Women and Parkinson’s Disease

Parkinson’s disease (PD) affects an estimated 10 million men and women worldwide. Women have been shown to have a lower risk of developing PD, and research suggests that there are differences in the way that men and women experience Parkinson’s. Studies indicate that women diagnosed with PD report different symptoms, more often report side effects and changes in their symptoms throughout the day (“fluctuations”) and receive lower quality healthcare than men.

What explains these differences? Based on the evidence so far, researchers can make some educated guesses. Some differences may have to do with biology—the way men’s and women’s bodies react to the disease or to therapies. Others may be due to lack of access to healthcare or to unintended differences in the way women are treated for PD compared to men.

Why the Lower Risk?

Studies conducted around the world, and across race, ethnic and age groups, support the finding that women overall have a lower risk of developing PD than men, but we still don’t know why. Environmental factors could explain this lower risk. It may be that women are less likely than men to be exposed to pesticides or heavy metals, or to sustain a head injury—all of which may increase a person’s PD risk.

Biological differences between women and men may also play a role. Estrogen, the female sex hormone, may protect the brain against PD, but little is known about its influence. If estrogen is preventative, it may only be helpful at certain levels or for a specific time.

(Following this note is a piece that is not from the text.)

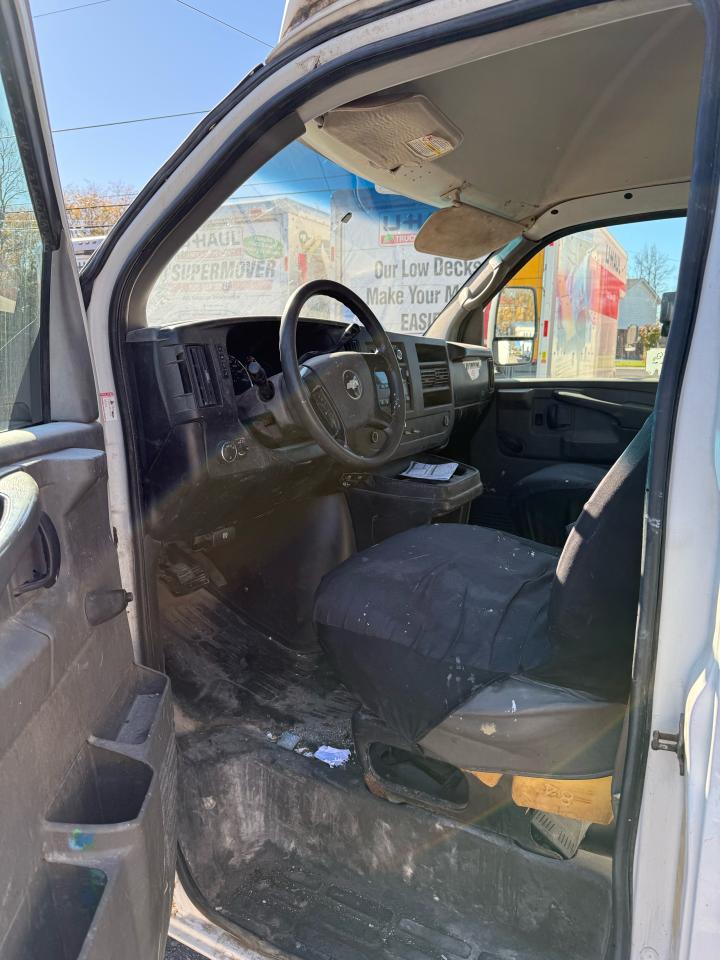 2008 Chevrolet Express Commercial Cutaway  - Photo #9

What Are the Symptom Differences Between Men and Women?

Parkinson’s symptoms vary enormously from person to person. PD symptoms include motor symptoms, like tremor and stiffness, and nonmotor symptoms, like depression and fatigue.

Although women report experiencing some symptoms (including depression) more often than men, research to date has not conclusively shown whether symptoms affect women and men differently. This may be because symptoms vary as much among women as between women and men.

Are There Differences in Parkinson’s Treatment Between Men and Women?

All current treatment options (including medications, surgical options and exercise) address PD symptoms, but they do not slow down or stop the progression of PD. Levodopa, often prescribed as Sinemet, is considered the gold standard therapy for Parkinson’s movement symptoms. However, many people with PD experience changes in the effectiveness of the drug as the disease progresses. And some studies suggest that women are more likely than men to report these fluctuations earlier in the disease course and more frequently overall.

In particular, it seems that women are more likely to have involuntary movements called dyskinesias that occur when levodopa levels are highest in the blood. There are several factors that could be contributing to dyskinesia, including dosage, body weight and age of onset. Lower body weight can affect how medications build up in someone’s system. Lighter people sometimes need a smaller dose of medication to feel its effect. On average, women weigh less than men. If women and men are receiving similar doses, this may explain how levodopa levels are causing dyskinesias.

Physicians have also suggested that they find it harder to fine-tune Parkinson’s medications for women than for men. Women more often experience large swings in symptoms from even small changes in medications or schedules.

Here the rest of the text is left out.